> [To do]: Extract precisely the lines that run from the line containing "Broken glacier ice" to the end of the records below, with both ends included and pictures omitted.

> [Given records]:

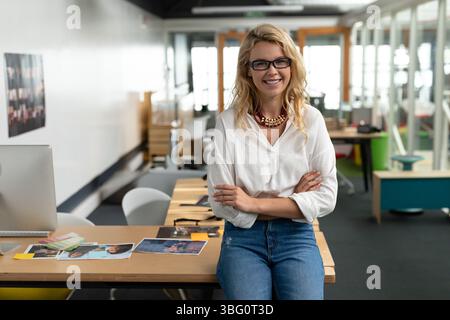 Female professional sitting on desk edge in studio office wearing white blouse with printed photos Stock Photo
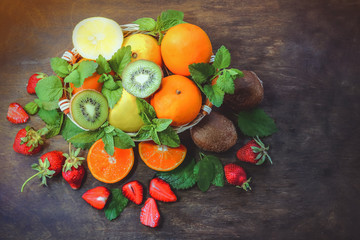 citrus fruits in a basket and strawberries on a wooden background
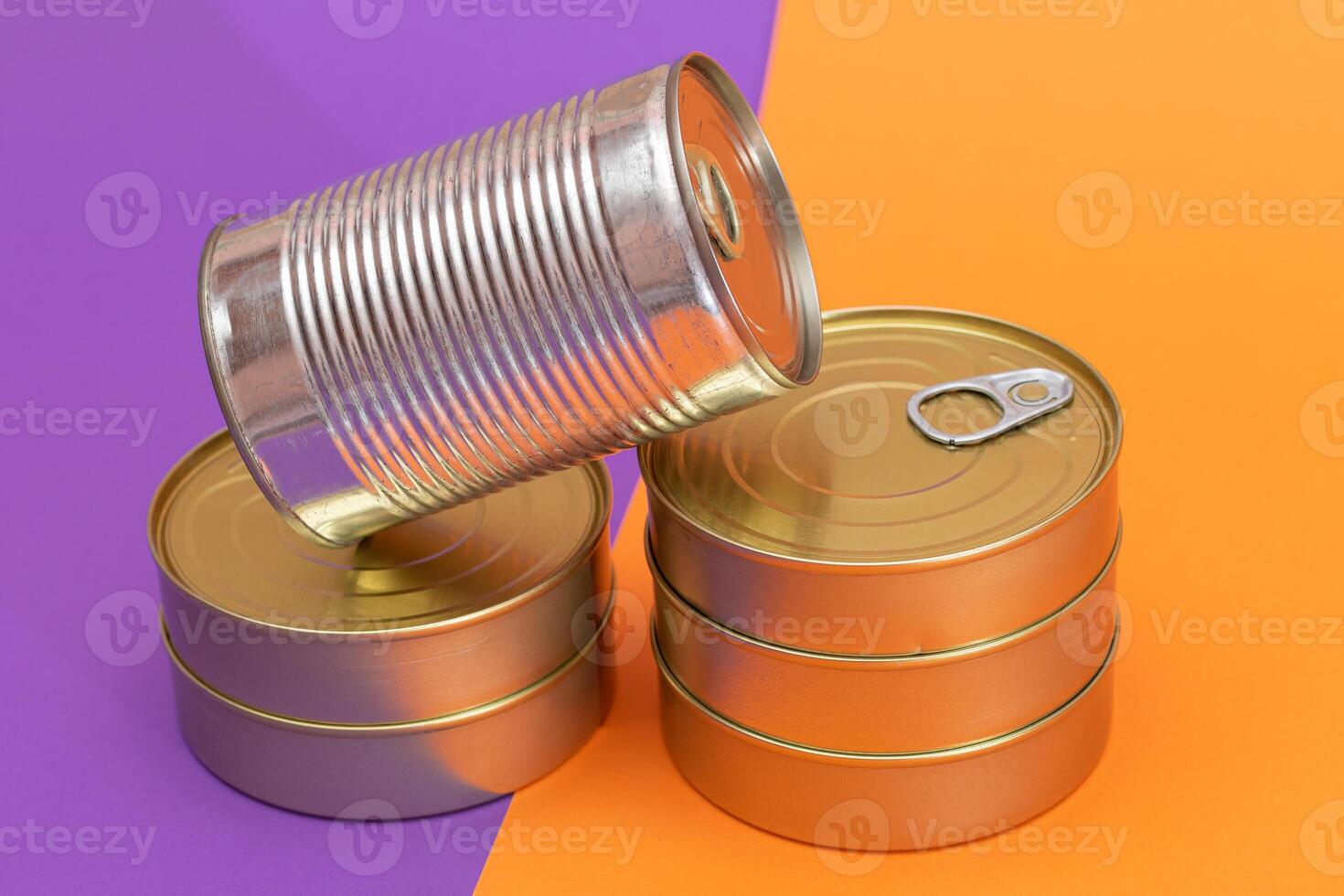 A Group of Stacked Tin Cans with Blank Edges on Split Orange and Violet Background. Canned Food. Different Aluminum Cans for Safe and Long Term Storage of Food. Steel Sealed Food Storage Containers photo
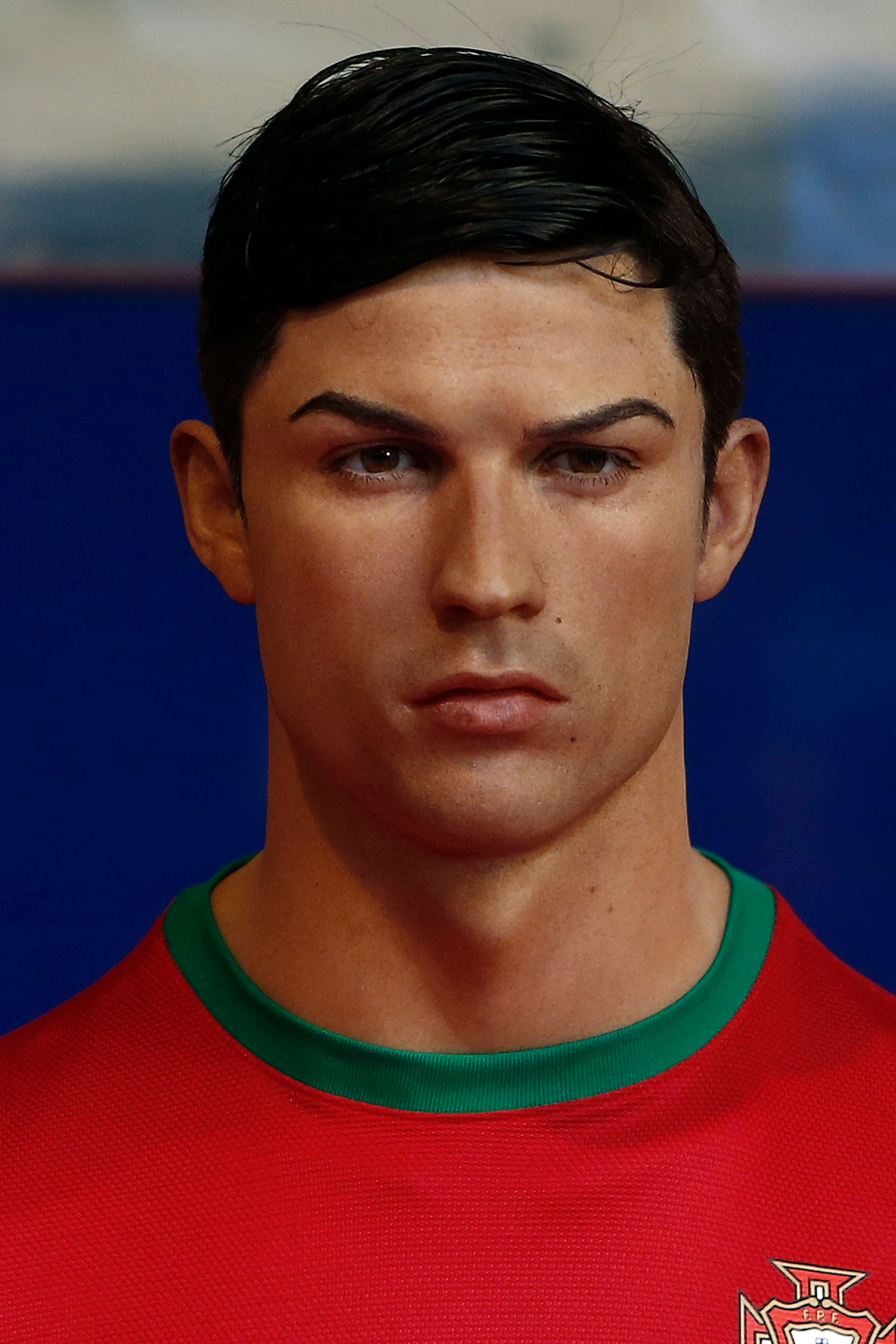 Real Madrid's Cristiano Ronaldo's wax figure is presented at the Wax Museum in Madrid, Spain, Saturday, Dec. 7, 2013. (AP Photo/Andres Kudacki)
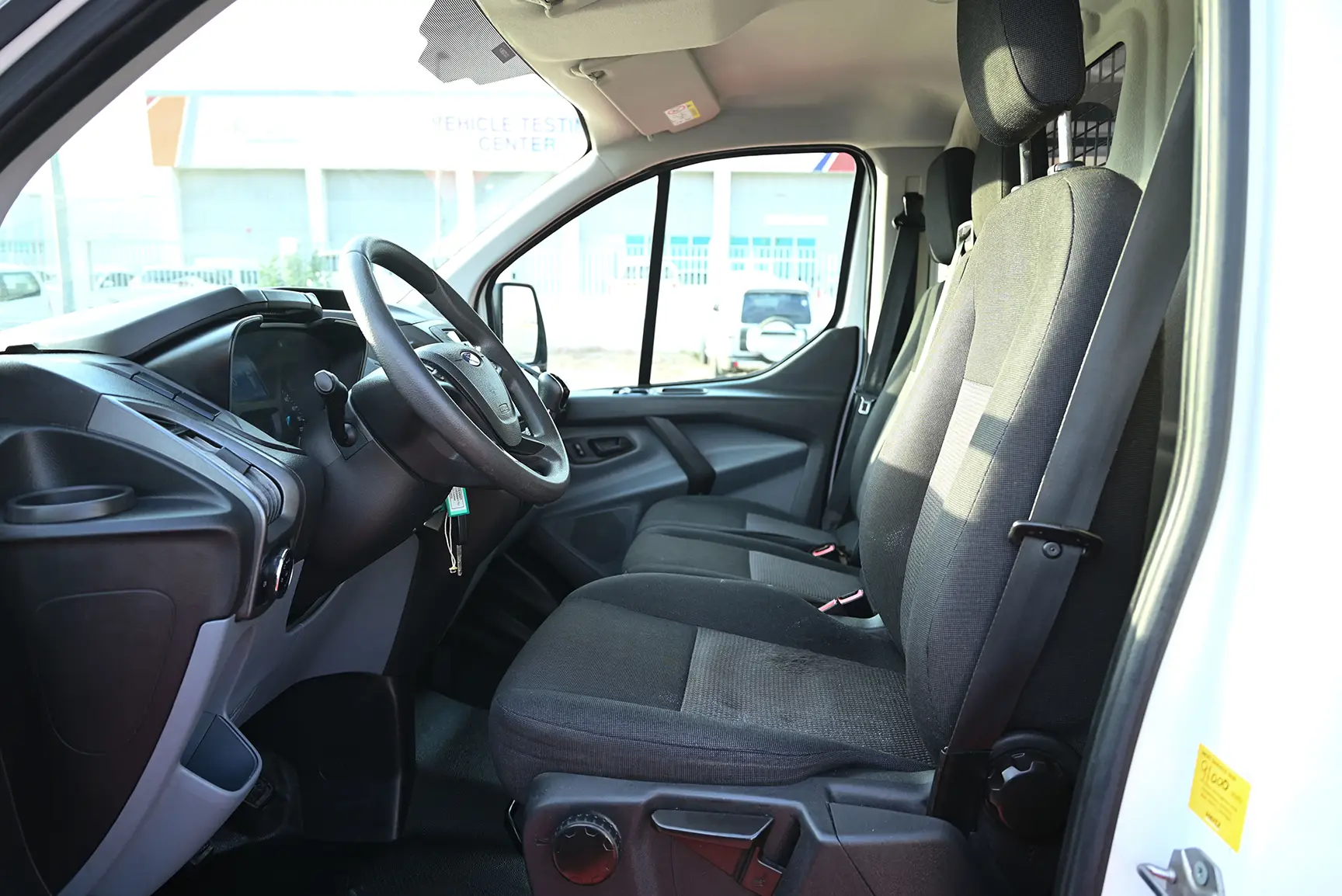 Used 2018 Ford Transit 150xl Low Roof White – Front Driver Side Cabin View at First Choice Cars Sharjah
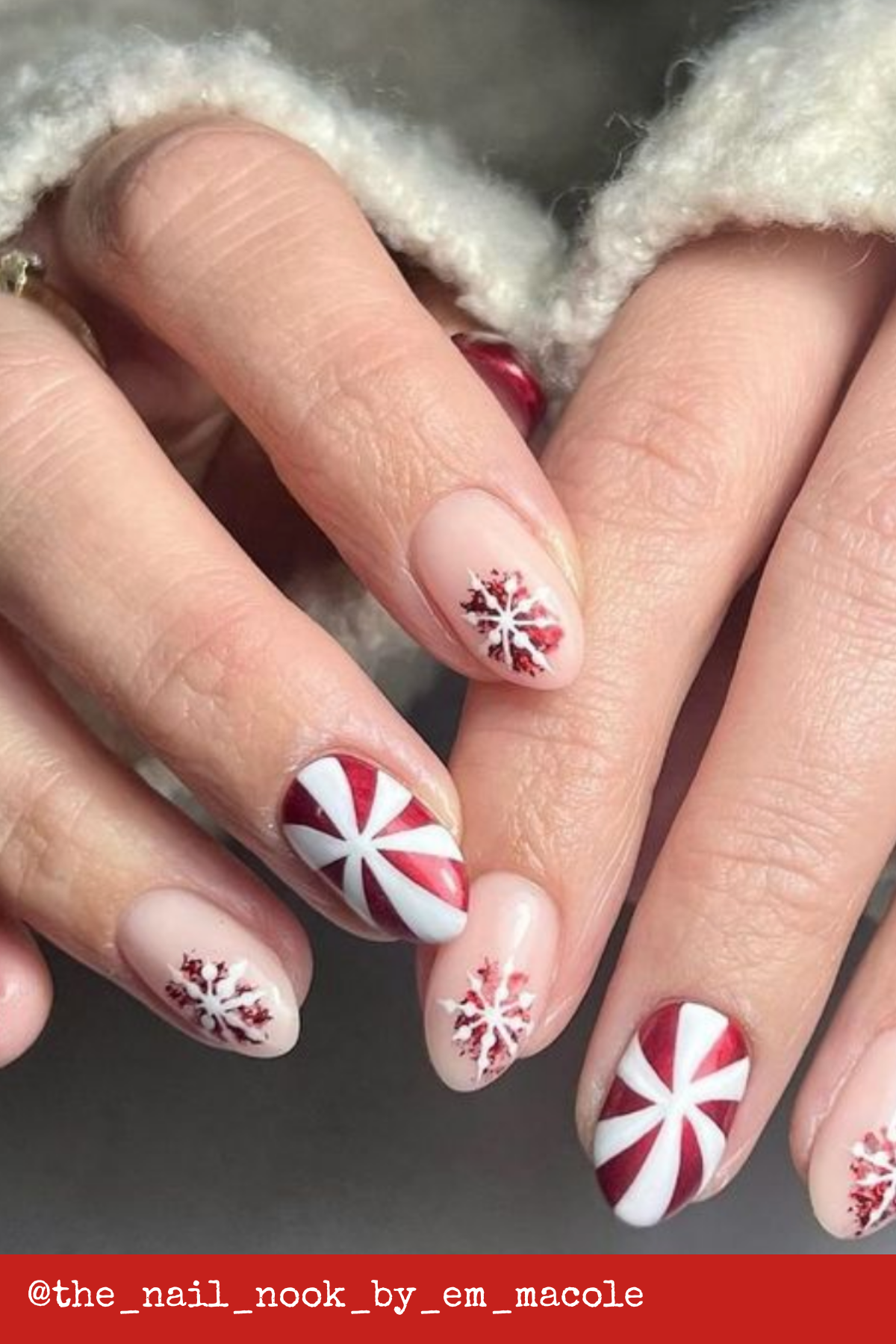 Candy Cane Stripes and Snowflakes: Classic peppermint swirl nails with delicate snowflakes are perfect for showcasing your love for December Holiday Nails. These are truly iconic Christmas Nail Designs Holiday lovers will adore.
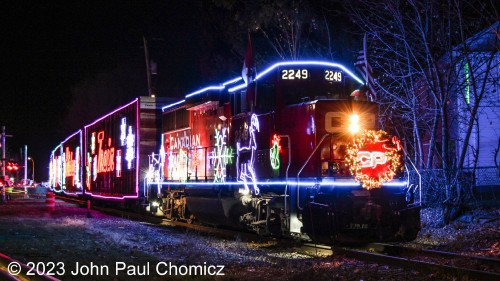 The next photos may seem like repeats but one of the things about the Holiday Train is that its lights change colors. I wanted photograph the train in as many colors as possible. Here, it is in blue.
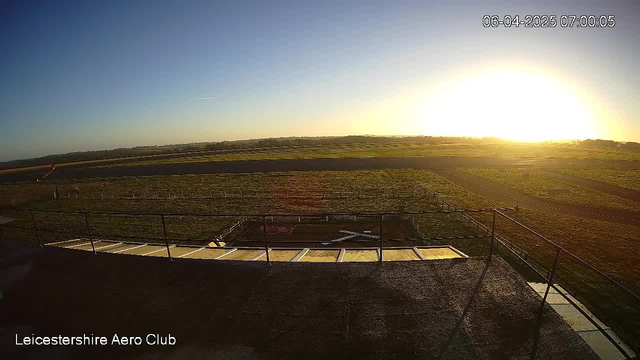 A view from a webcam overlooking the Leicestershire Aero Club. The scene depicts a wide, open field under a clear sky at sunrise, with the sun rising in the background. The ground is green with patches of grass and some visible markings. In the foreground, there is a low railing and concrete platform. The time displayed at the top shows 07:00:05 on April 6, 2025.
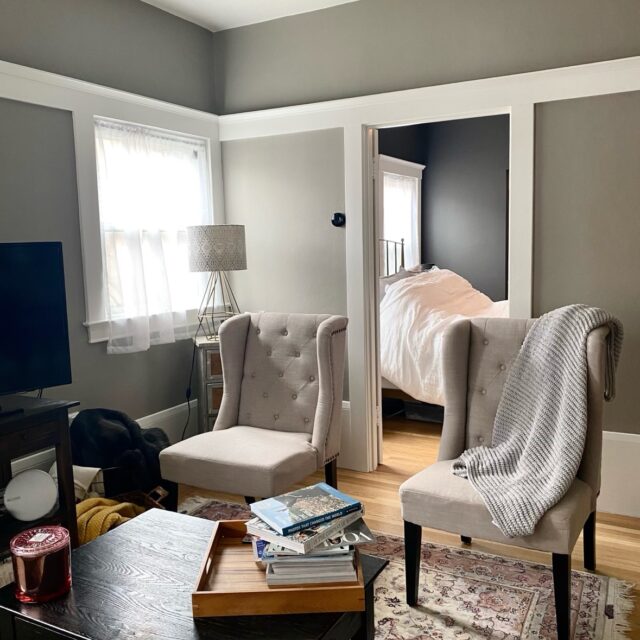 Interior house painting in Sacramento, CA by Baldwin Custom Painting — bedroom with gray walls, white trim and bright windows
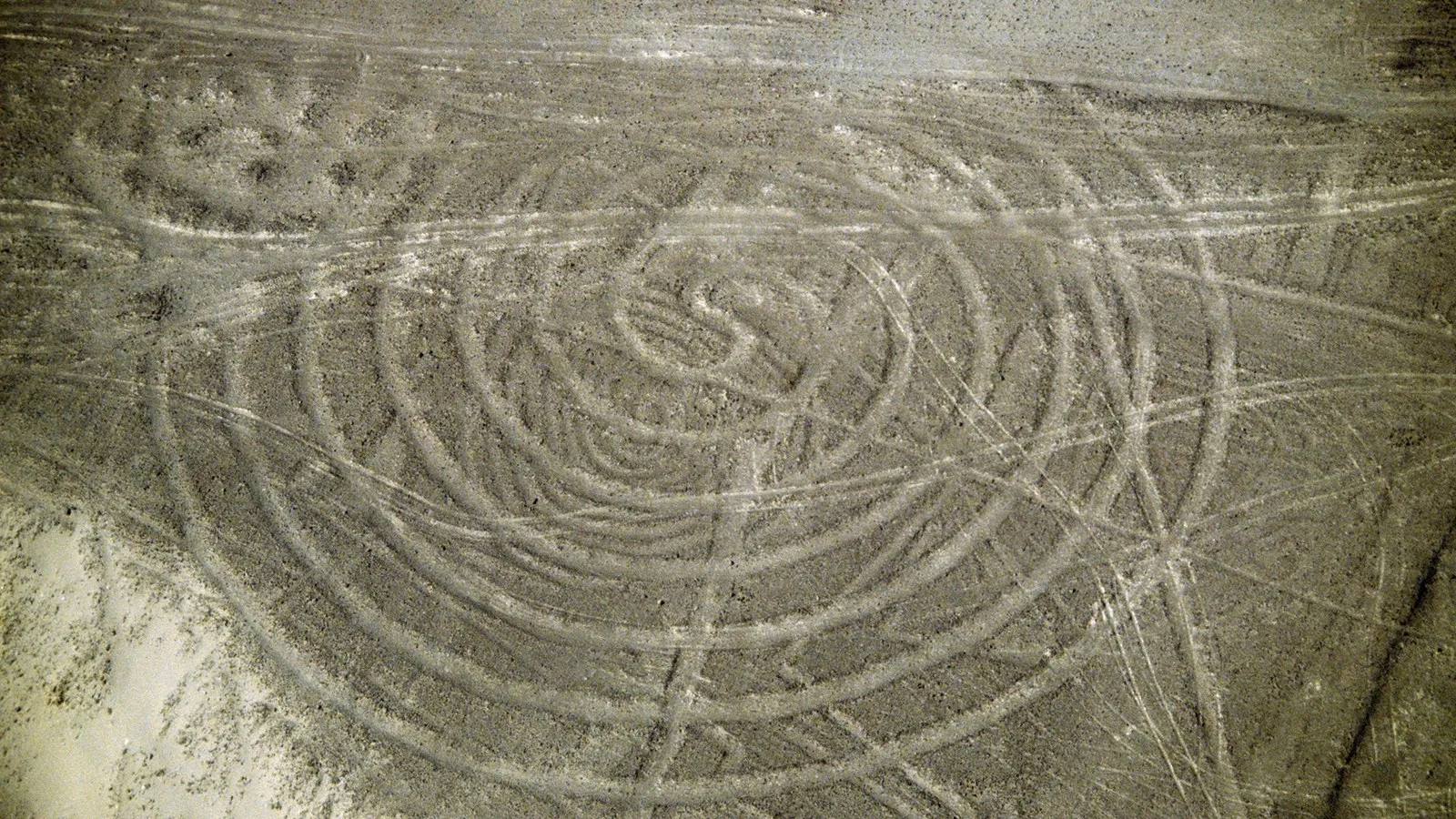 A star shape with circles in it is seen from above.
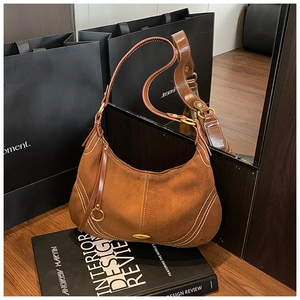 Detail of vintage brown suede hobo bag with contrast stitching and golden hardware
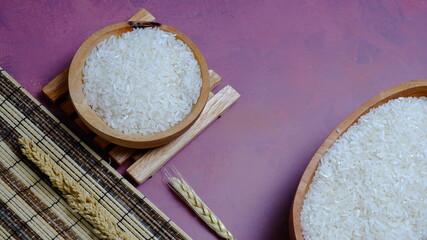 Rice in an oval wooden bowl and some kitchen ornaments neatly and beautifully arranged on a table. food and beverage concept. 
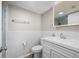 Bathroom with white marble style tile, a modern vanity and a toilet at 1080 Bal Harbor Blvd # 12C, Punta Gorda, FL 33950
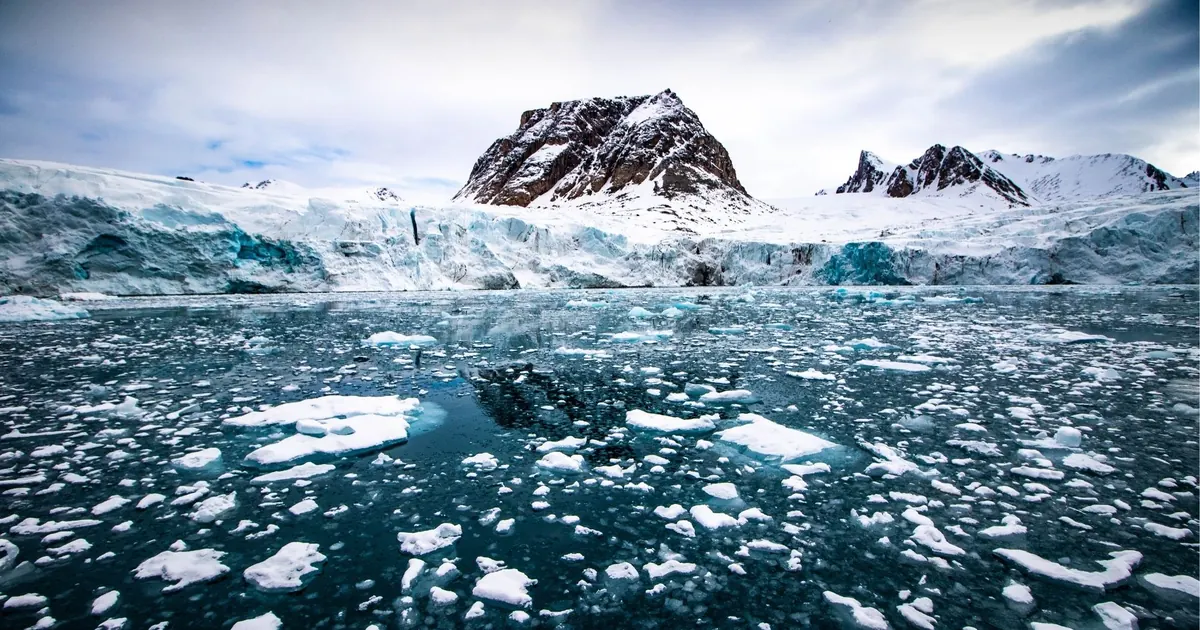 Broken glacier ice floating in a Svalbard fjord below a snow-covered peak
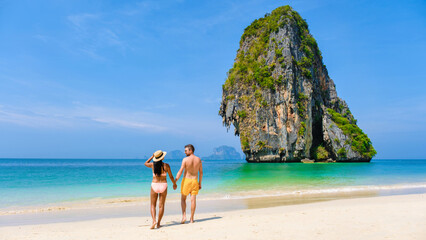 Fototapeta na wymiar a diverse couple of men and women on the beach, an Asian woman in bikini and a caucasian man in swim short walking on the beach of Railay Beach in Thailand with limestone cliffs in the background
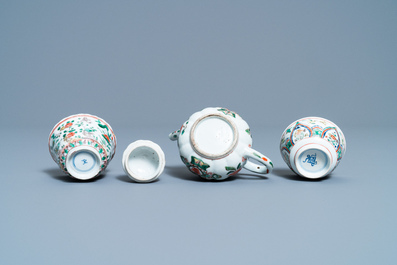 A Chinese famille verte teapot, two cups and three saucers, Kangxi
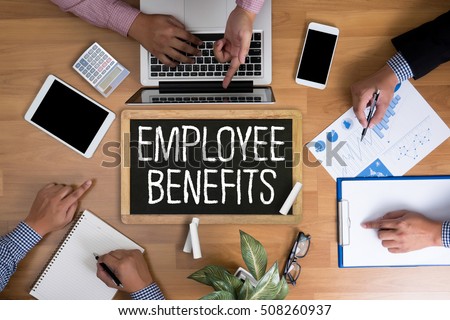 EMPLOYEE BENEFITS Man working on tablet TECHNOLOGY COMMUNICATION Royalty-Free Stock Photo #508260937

> [Solution to the problem]:
 Broken glacier ice floating in a Svalbard fjord below a snow-covered peak
 Fototapeta na wymiar a diverse couple of men and women on the beach, an Asian woman in bikini and a caucasian man in swim short walking on the beach of Railay Beach in Thailand with limestone cliffs in the background
 A Chinese famille verte teapot, two cups and three saucers, Kangxi
 EMPLOYEE BENEFITS Man working on tablet TECHNOLOGY COMMUNICATION Royalty-Free Stock Photo #508260937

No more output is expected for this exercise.